Le feuilleton Lessort
Peut-être aussi que la blessure de Frank Ntilikina, qui montait en puissance lors de la préparation, a perturbé le groupe. Peut-être que le feuilleton Lessort aussi. Absent pendant toute la préparation, l’intérieur du Pana a débarqué à Jakarta sans jouer le moindre match amical, ni participé à aucun entraînement collectif. Vincent Collet ne cessait de dire que son profil était essentiel au groupe. Un vrai « energizer ». Mais comment s’intégrer dans un collectif en quelques jours ? Comment modifier des rotations et un groupe qui avaient fonctionné pendant la préparation ?
A l’extérieur, Evan Fournier a été l’arbre qui cache la forêt dans les deux rencontres.
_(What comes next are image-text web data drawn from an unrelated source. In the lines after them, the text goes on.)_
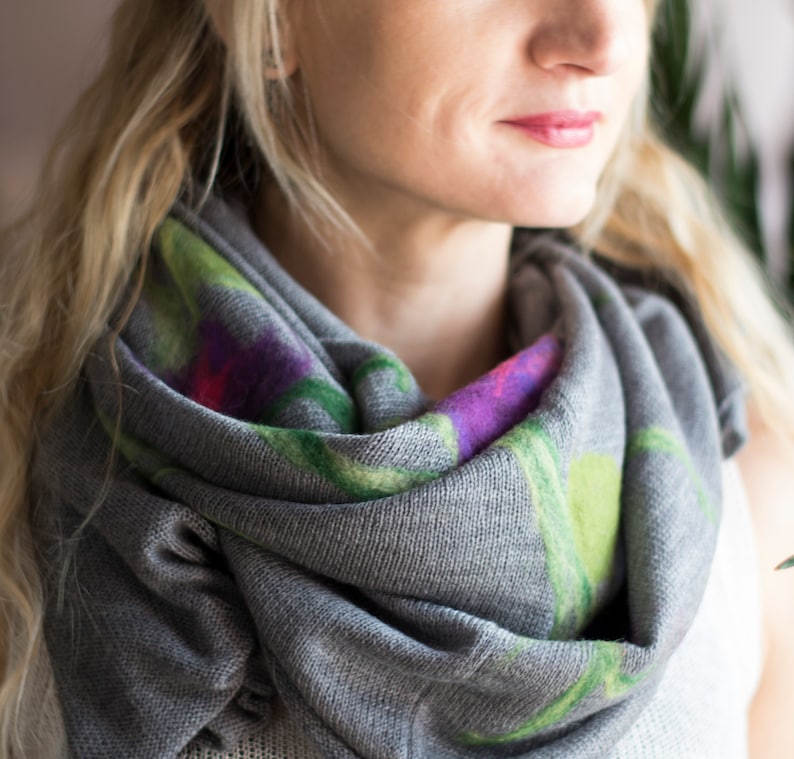 May include: A gray scarf with a floral pattern in shades of green, purple, and pink. The scarf is made of a soft, knitted fabric and is worn around the neck.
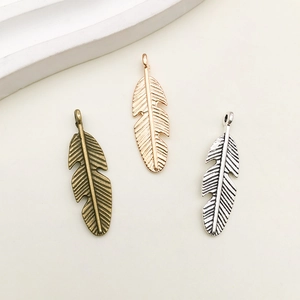 Vintage alloy feather wing charms for DIY jewelry in bronze, gold and silver finish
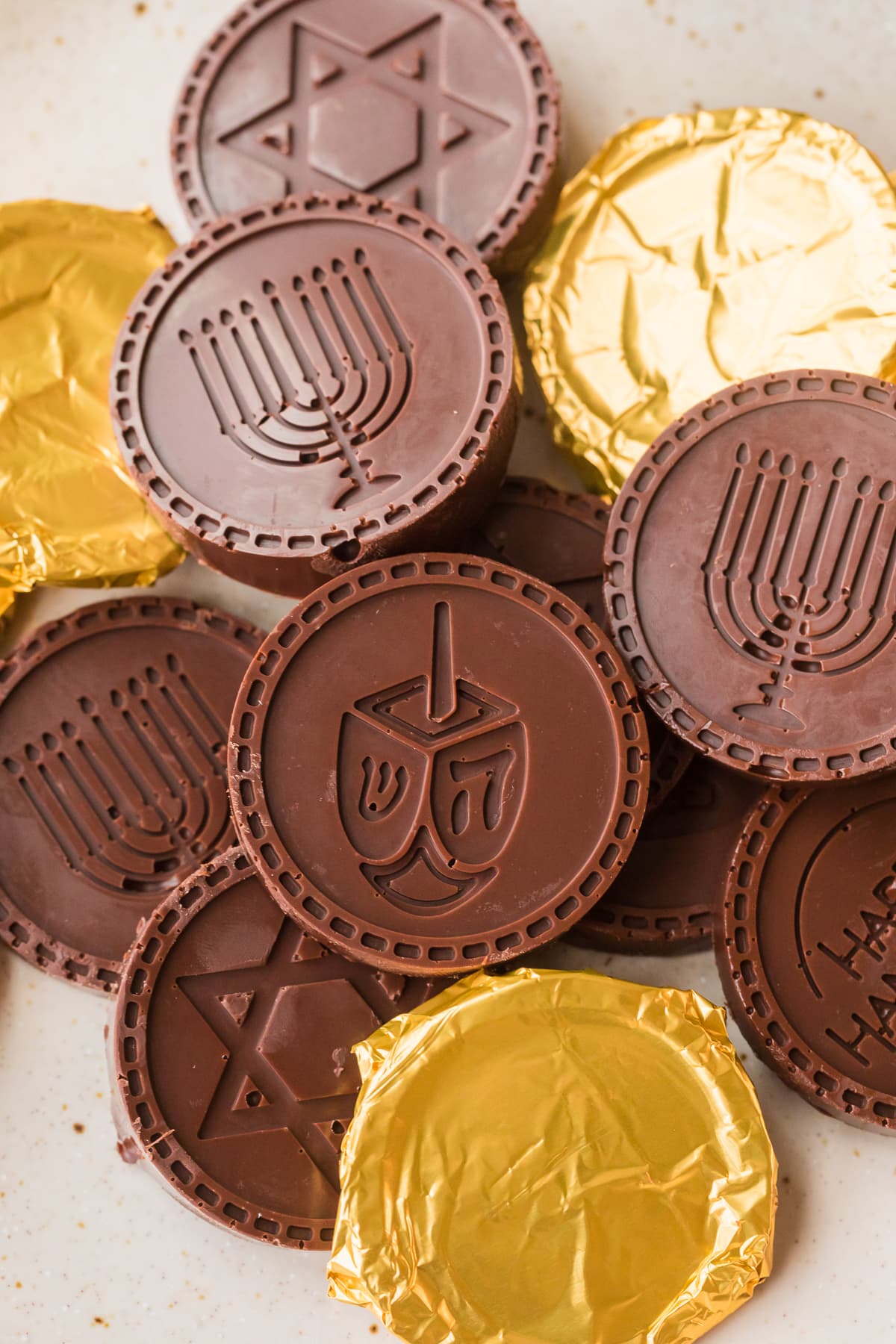 homemade Hanukkah gelt with dreidel menorah star of david.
Tant qu’il mettait dedans, l’équipe surnageait. Et une fois qu’il a été muselé ou maladroit, les Bleus ont été inexistants. Pourquoi ? Peut-être parce que notre collectif ne permet pas de compenser une baisse de régime individuelle. Peut-être parce qu’on ne sait toujours pas servir ses intérieurs. Même lorsqu’ils ont la main chaude comme Guerschon Yabusele face à la Lettonie. L’ailier-fort du Real Madrid inscrit 18 points, mais il ne prend que 9 tirs. C’est moitié moins que Fournier…
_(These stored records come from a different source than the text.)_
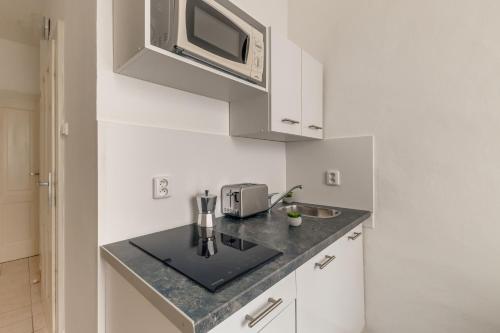 Dapur atau dapur kecil di King´s Road Residence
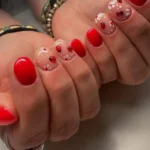 Colorful ladybug nail designs showcasing playful and modern styles for 2026.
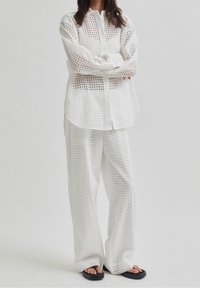 Osoba w białej, perforowanej koszuli z długim rękawem i pasujących szerokich spodniach, w czarnych sandałach, stojąca na jednolitym tle.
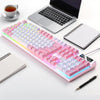 A low profile wired gaming keyboard with a numpad is displayed next to a laptop and notebooks.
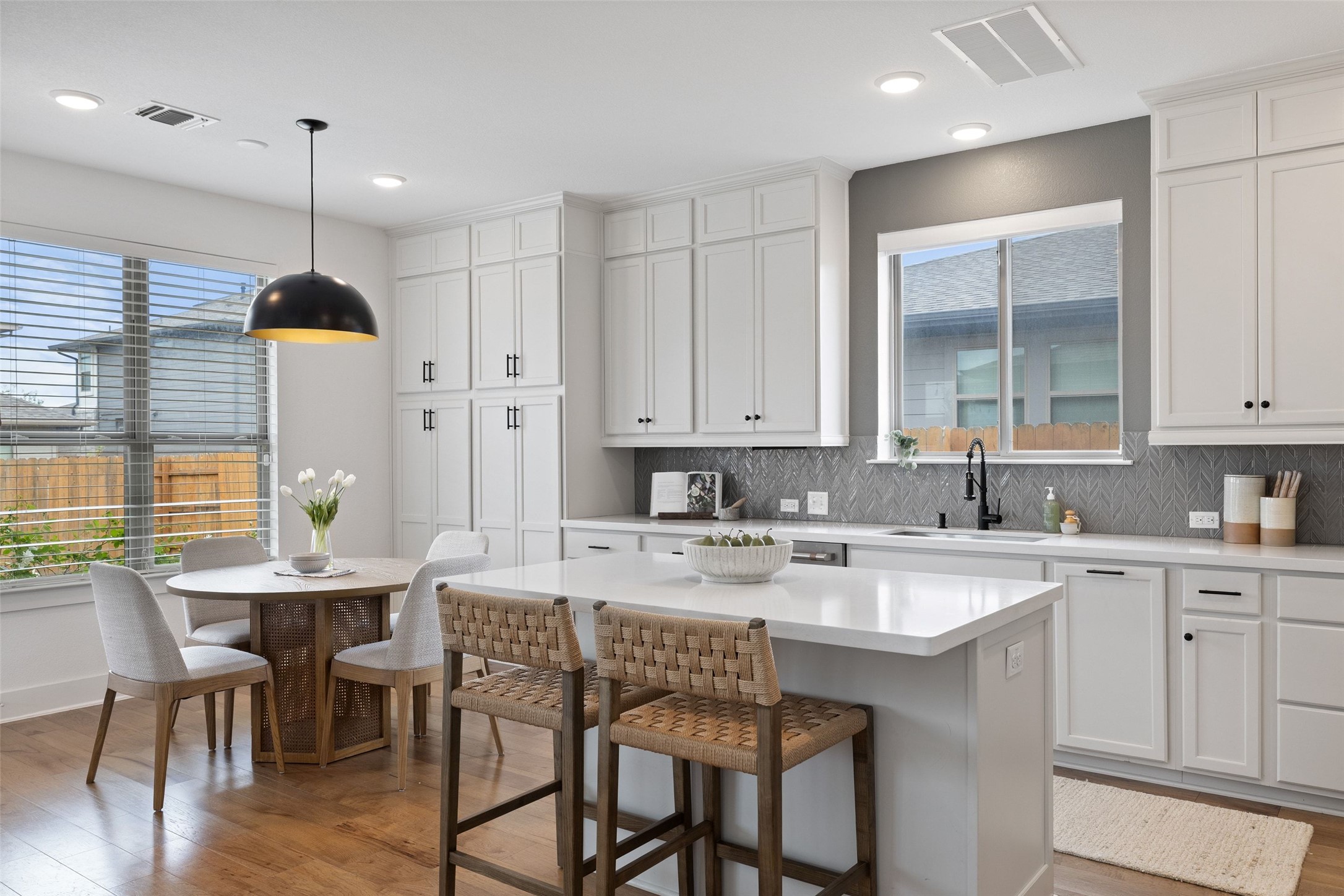 7908 Yokohama Terrace Austin, TX 78744 - Photo 15 of 40 a kitchen with kitchen island granite countertop a table chairs sink and cabinets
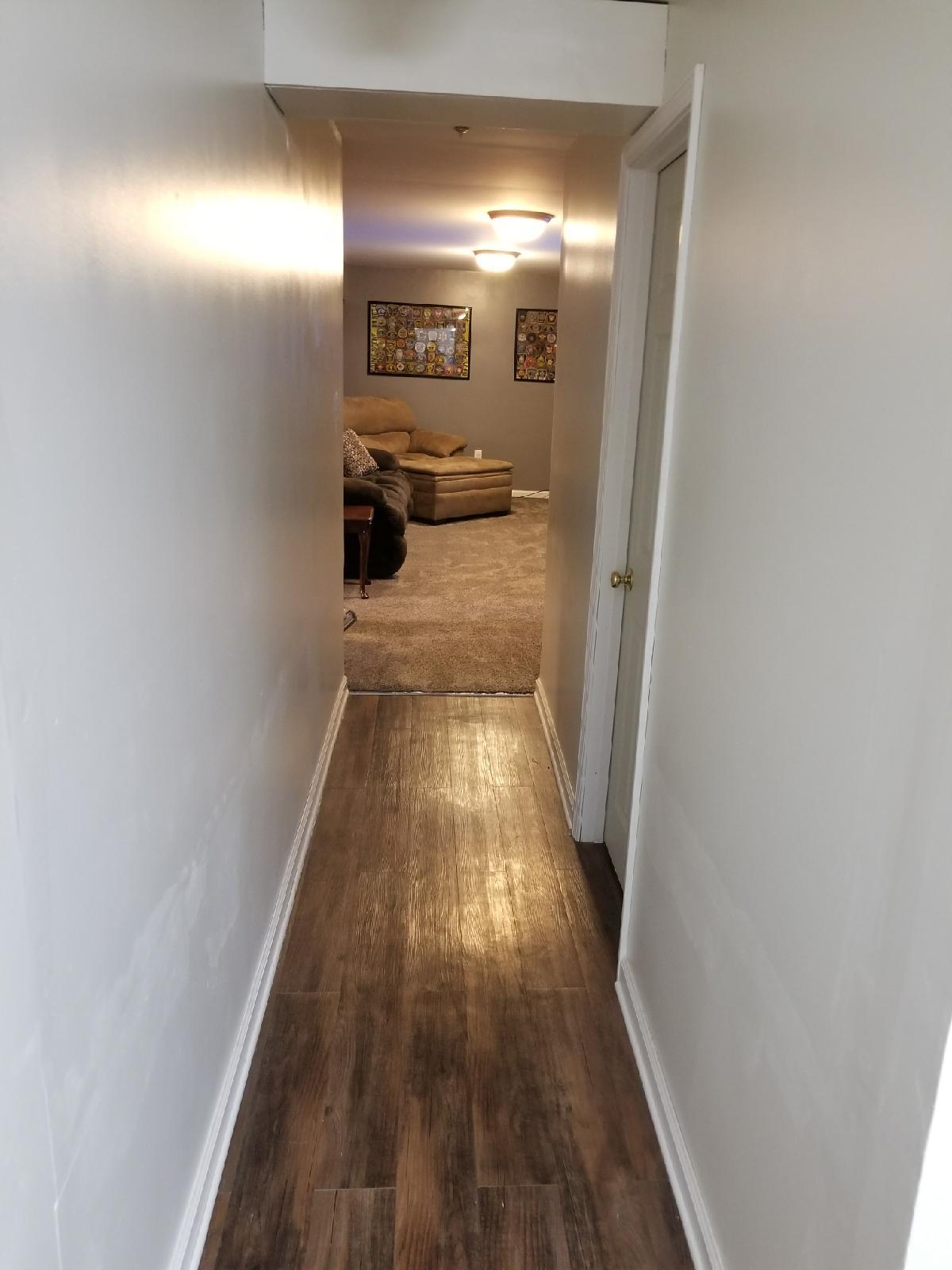 5423 Twilight Road Roanoke, VA 24019 - Photo 10 of 23 a view of a hallway with wooden floor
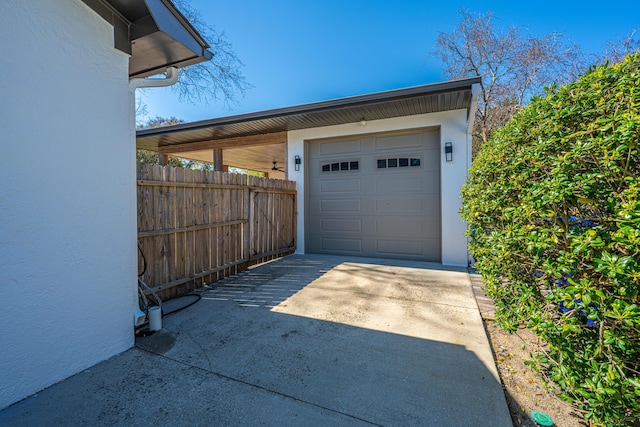 garage with driveway and fence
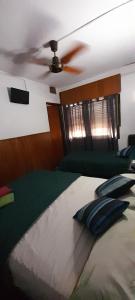 Een bed of bedden in een kamer bij Residencial Ariand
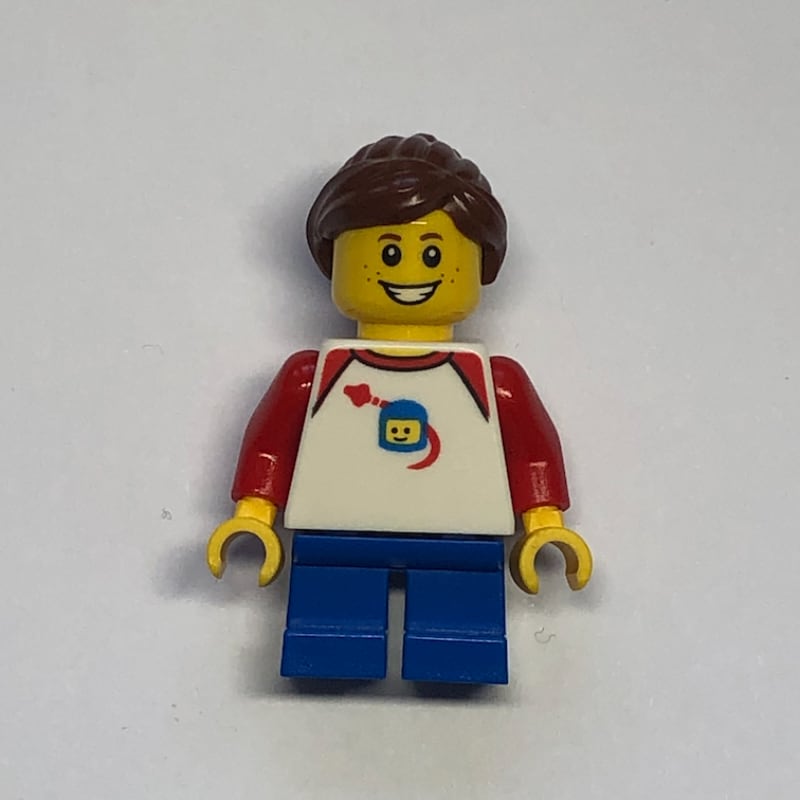 Girl, Classic Spaceman on Shirt, Short Blue Legs, Reddish Brown Ponytail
L’utilisation de Rudy Gobert
Enfin, les maux de la préparation n’ont jamais été corrigés. Des maux qui ne datent pas d’hier, comme les balles perdues, le rebond, le manque de mouvements en attaque… Les systèmes sont exécutés de manière scolaire, et le pauvre Rudy Gobert se contente de suivre la circulation de la balle pour prendre la position préférentielle. Même lorsqu’il est libre, il ne reçoit pas forcément le ballon. Comme sur cette dernière action. Sylvain Francisco prend le 3-points pour la gagne, alors que Gobert est seul, sous le cercle. Une action symbole d’une équipe de France qui n’a jamais vraiment fait confiance à son meilleur joueur, et ça ne date pas d’hier, préférant rêver d’un Joel Embiid ou d’un Victor Wembanyama. Le pivot des Wolves n’a pris qu’un tir dans le match. Un dunk dans le « money time ». Une discrétion qui nous renvoie forcément aux propos de Collet il y a trois semaines.
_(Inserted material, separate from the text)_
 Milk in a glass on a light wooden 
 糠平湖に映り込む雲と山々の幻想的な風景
« Je suis persuadé qu’à l’intérieur, on a de quoi dominer beaucoup d’équipes » expliquait le sélectionneur. « Je le pensais déjà l’année passée, mais nous n’avions pas réussi à exploiter ce potentiel. Parce qu’on n’avait pas la qualité nécessaire pour mettre la balle à l’intérieur. Ce ne sont pas des passes évidentes à faire. Cette année, les deux meilleurs passeurs sont revenus [De Colo et Batum, ndlr] et on voit comment ça influence le jeu. Et également les autres joueurs qui ne la mettaient pas forcément avant… Mais ça doit venir aussi des intérieurs qui doivent prendre de bonnes positions. [Rudy] prend de meilleures positions que l’an passé, et dès [aujourd’hui], on va continuer à travailler ça. »
Au final, depuis trois semaines, rien n’a été fait, et la sanction est tombée.